Transcribe the listing in full, word for word; pictures do not belong in the copy.

SOURCE MATERIAL:
◇ ◇ ◇ ◇

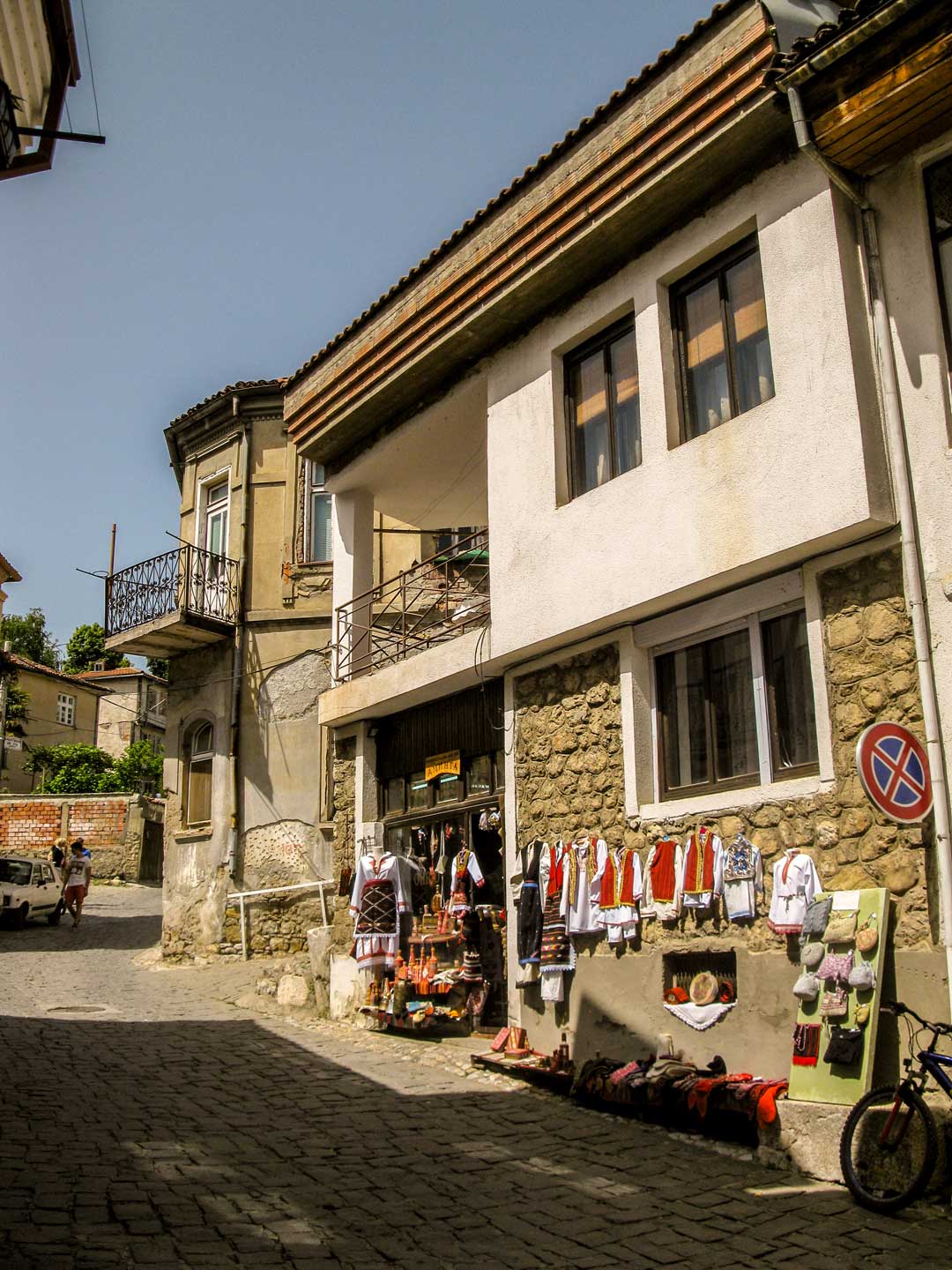 walking to old ohrid town travelshare.gr Οχρίδα road trip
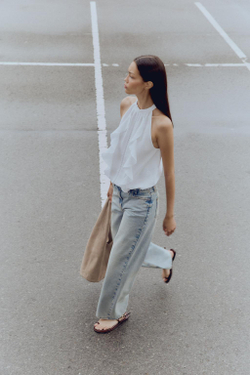 ZARA ТОП ИЗ СМЕСОВОЙ ТКАНИ РАМИ С ВОЛАНАМИ И ГОРЛОВИНОЙ ХАЛТЕР, БЕЛЫЙ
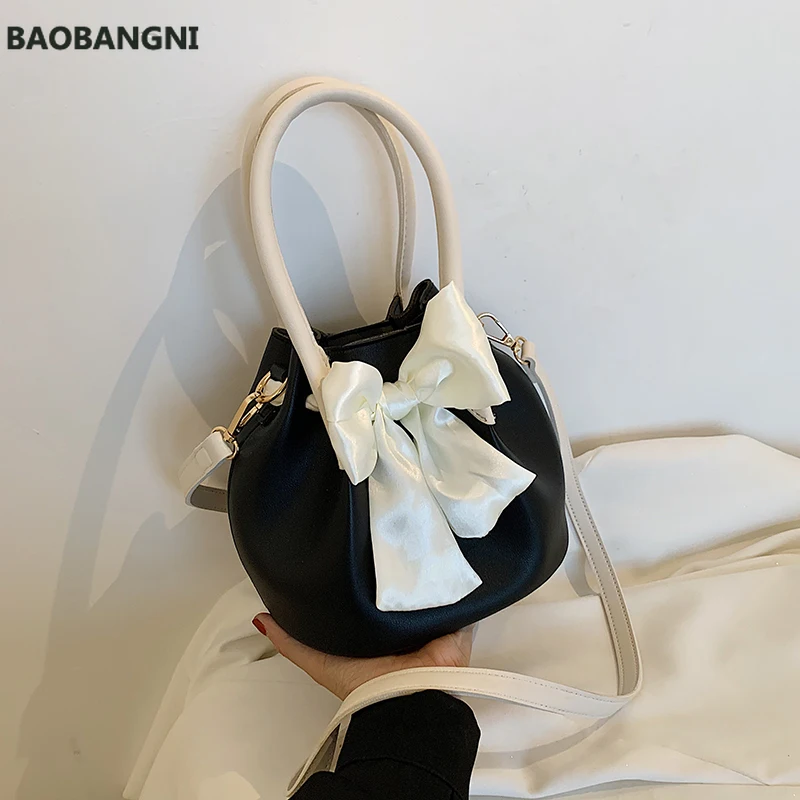 Лятна текстура малка прясна чанта нов копринен шал с лък дамски дизайнерски модерна чанта-месинджър с едно рамо5
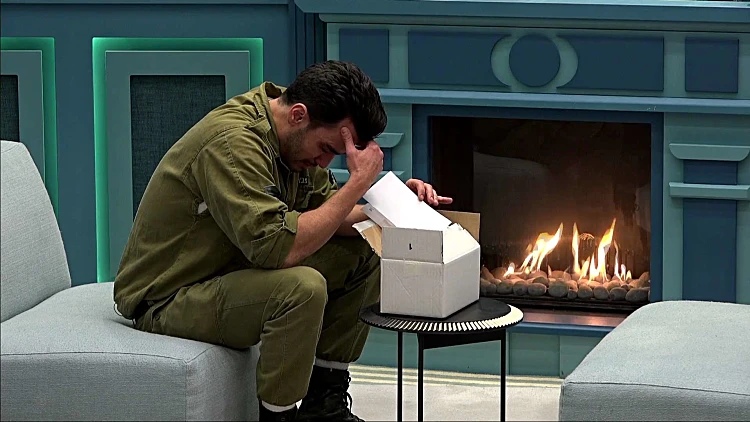 "מצפים ממך למשהו ואתה צריך לספק. זה תוקע אותי"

◇ ◇ ◇ ◇

EXERCISE ANSWER:
 walking to old ohrid town travelshare.gr Οχρίδα road trip
 ZARA ТОП ИЗ СМЕСОВОЙ ТКАНИ РАМИ С ВОЛАНАМИ И ГОРЛОВИНОЙ ХАЛТЕР, БЕЛЫЙ
 Лятна текстура малка прясна чанта нов копринен шал с лък дамски дизайнерски модерна чанта-месинджър с едно рамо5
 "מצפים ממך למשהו ואתה צריך לספק. זה תוקע אותי"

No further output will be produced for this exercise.